Mantan Wakil Ketua DPRD Malu­ku, Everd Kermite mengecam Pem­prov Maluku yang tidak menyiapkan dokumen KUA-PPAS.

Dikatakan, perencanaan pemba­ngu­nan dan keuangan akan terlaksana dengan baik, sinergis dan terarah, apabila diawali dengan perencanaan yang matang memperhatikan aspek kontinuitas.

Perencanaan yang lebih menyelu­ruh, terarah dan terpadu diperlukan untuk menjamin laju perkembangan dalam mencapai suatu masyarakat yang adil, sejahtera dan makmur.

Karena itu, kata Kermite, perenca­naan yang baik dapat dirumuskan melalui kegiatan pembangunan yang efektif dan efisien sehingga memper­oleh hasil optimal dalam pemanfaatan sumber daya dan potensi yang terse­dia. Sehingga penting sekali diajukan Rancangan APBD Perubahan.

Kermite meminta, DPRD untuk bersikap tegas dan berani terhadap gubernur, dengan melayangkan mossi tidak percaya atau hak interpelasi, sehingga Pemprov tidak mengabaikan lembaga rakyat itu.

“DPRD harus berani bersikap, ini sama saja dokumen KUA-PPAS itu tidak disiapkan. Padahal DPRD sudah surati Pemprov sudah ingatkan pemprov, tapi sampai batas waktu 30 September, pemprov jug tidak usulkan, maka DPRD harus bersikap tegas bila perlu ajukan mosi tidak percaya, dan kalau perlu gunakan hak interpelasi,” cetus Kermite saat meng­hubungi Siwalima melalui telepon seluler, Kamis (3/11).

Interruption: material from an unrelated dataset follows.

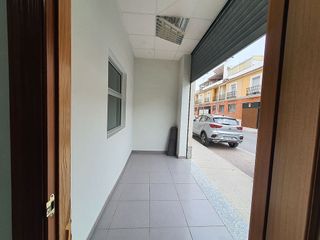 Local comercial en alquiler en Puente Genil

Sebagai masyarakat, ujar Kermite sangat menyayangkan hal ini terjadi, jika dewan menyangupi bahwa seluruh kegiatan yang berkaitan dengan kepentingan masyarakat dan pembangunan di Maluku menggu­nakan APBD murni, semoga saja tidak ada masalah. Jika demikian, maka Gubernur, Sekda, Bappeda dan Ke­pala BPKAD harus bertanggung jawab.

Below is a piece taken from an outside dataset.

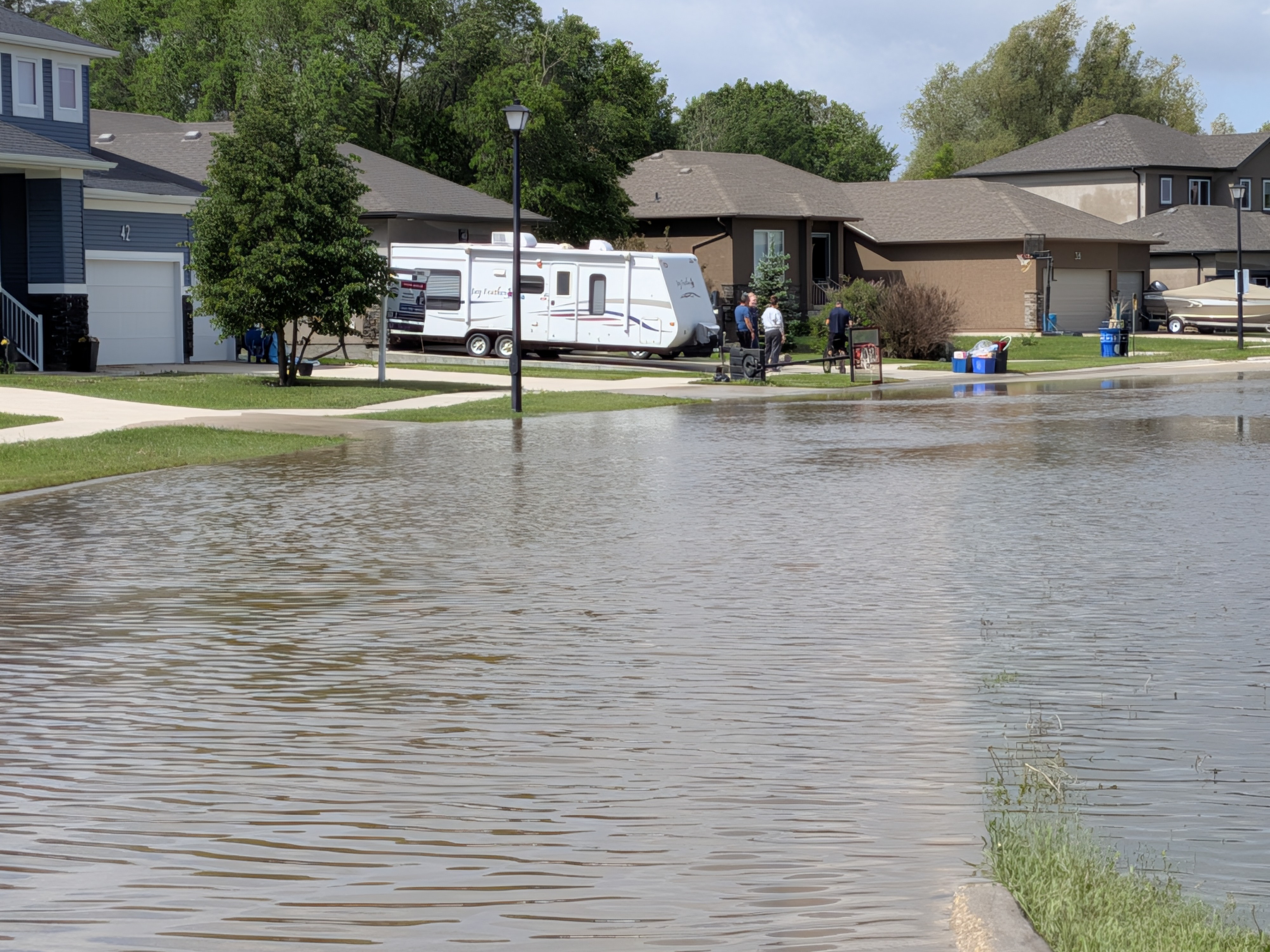 VIDEO: Historic flooding overwhelms Stonewall and Stony Mountain ...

Selain Kermite, anggota masyarakat lainnya, Yusuf Leatemia juga me­ngecam Pemprov yang tidak mengajukan APBD Perubahan.

Menurutnya, hal ini baru pertama kali terjadi di Maluku, walaupun anggota dewan melihatnya tidak mengapa, tetapi hal ini tidak lazim, sehingga pemprov harusnya mem­berikan penjelasan alasan apa  sehingga tidak diajukan.

Di sisi lain, politisi senior PDIP Maluku ini juga meminta, DPRD harus berani bersikap tegas mempertanya­kan mengapa sampai Pemprov tidak mengajukan APBD Perubahan. Kare­na ini penting bagi kepentingan ma­syarakat tetapi juga pembangunan di Maluku.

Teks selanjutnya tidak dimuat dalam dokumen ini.